• _GIVEN RECORDS_:
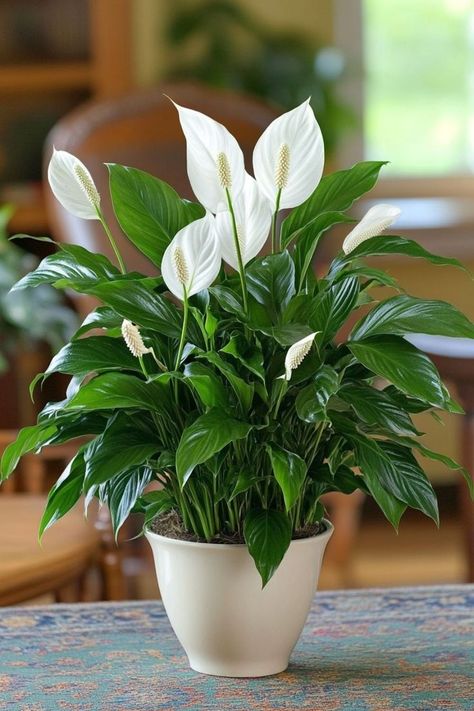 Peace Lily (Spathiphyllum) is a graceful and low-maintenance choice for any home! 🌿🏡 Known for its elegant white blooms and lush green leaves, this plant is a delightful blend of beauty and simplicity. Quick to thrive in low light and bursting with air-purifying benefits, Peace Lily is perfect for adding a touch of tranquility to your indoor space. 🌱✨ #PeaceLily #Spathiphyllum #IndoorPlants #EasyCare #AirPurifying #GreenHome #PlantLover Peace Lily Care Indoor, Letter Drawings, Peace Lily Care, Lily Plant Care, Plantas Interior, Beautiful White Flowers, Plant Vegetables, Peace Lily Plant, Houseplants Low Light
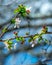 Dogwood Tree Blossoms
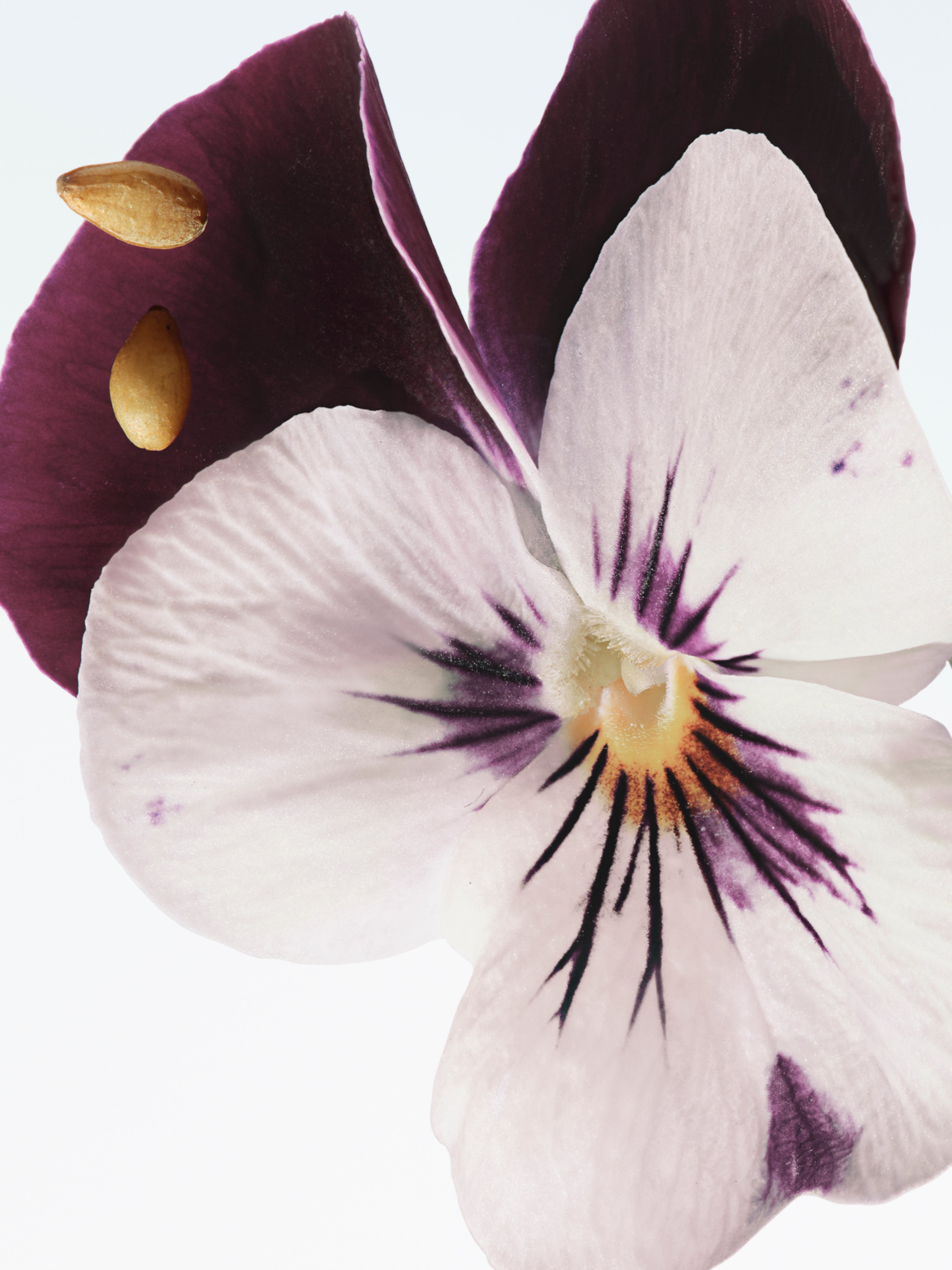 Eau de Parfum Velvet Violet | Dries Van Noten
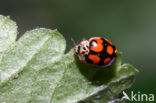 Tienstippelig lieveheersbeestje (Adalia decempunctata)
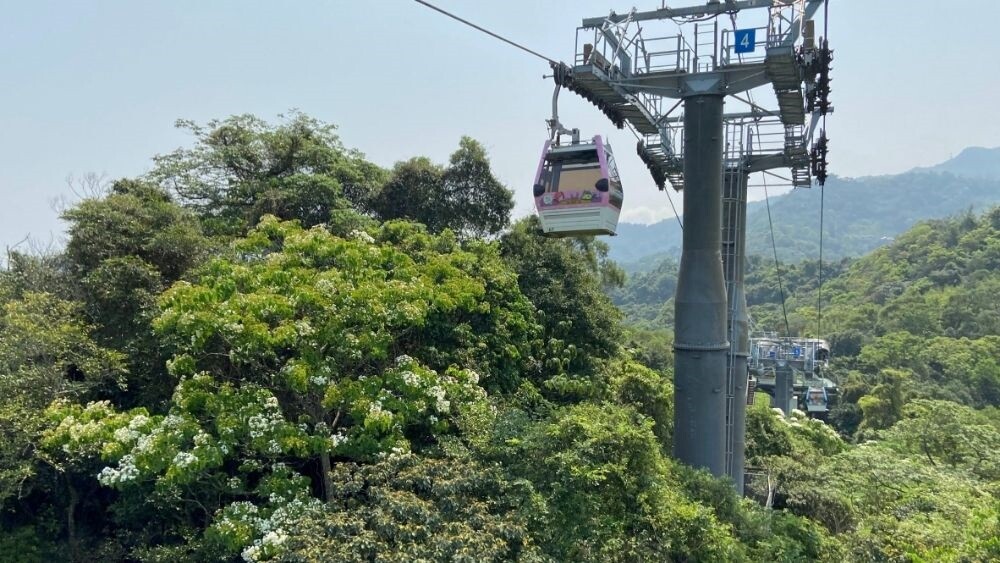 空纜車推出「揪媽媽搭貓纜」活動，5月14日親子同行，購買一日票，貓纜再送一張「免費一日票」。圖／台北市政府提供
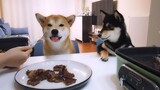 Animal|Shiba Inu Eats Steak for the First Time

• _TASK OBJECTIVE_:
Set down the data exactly as it appears, without any images.

• _WRITTEN ANSWER_:
 Peace Lily (Spathiphyllum) is a graceful and low-maintenance choice for any home! 🌿🏡 Known for its elegant white blooms and lush green leaves, this plant is a delightful blend of beauty and simplicity. Quick to thrive in low light and bursting with air-purifying benefits, Peace Lily is perfect for adding a touch of tranquility to your indoor space. 🌱✨ #PeaceLily #Spathiphyllum #IndoorPlants #EasyCare #AirPurifying #GreenHome #PlantLover Peace Lily Care Indoor, Letter Drawings, Peace Lily Care, Lily Plant Care, Plantas Interior, Beautiful White Flowers, Plant Vegetables, Peace Lily Plant, Houseplants Low Light
 Dogwood Tree Blossoms
 Eau de Parfum Velvet Violet | Dries Van Noten
 Tienstippelig lieveheersbeestje (Adalia decempunctata)
 空纜車推出「揪媽媽搭貓纜」活動，5月14日親子同行，購買一日票，貓纜再送一張「免費一日票」。圖／台北市政府提供
 Animal|Shiba Inu Eats Steak for the First Time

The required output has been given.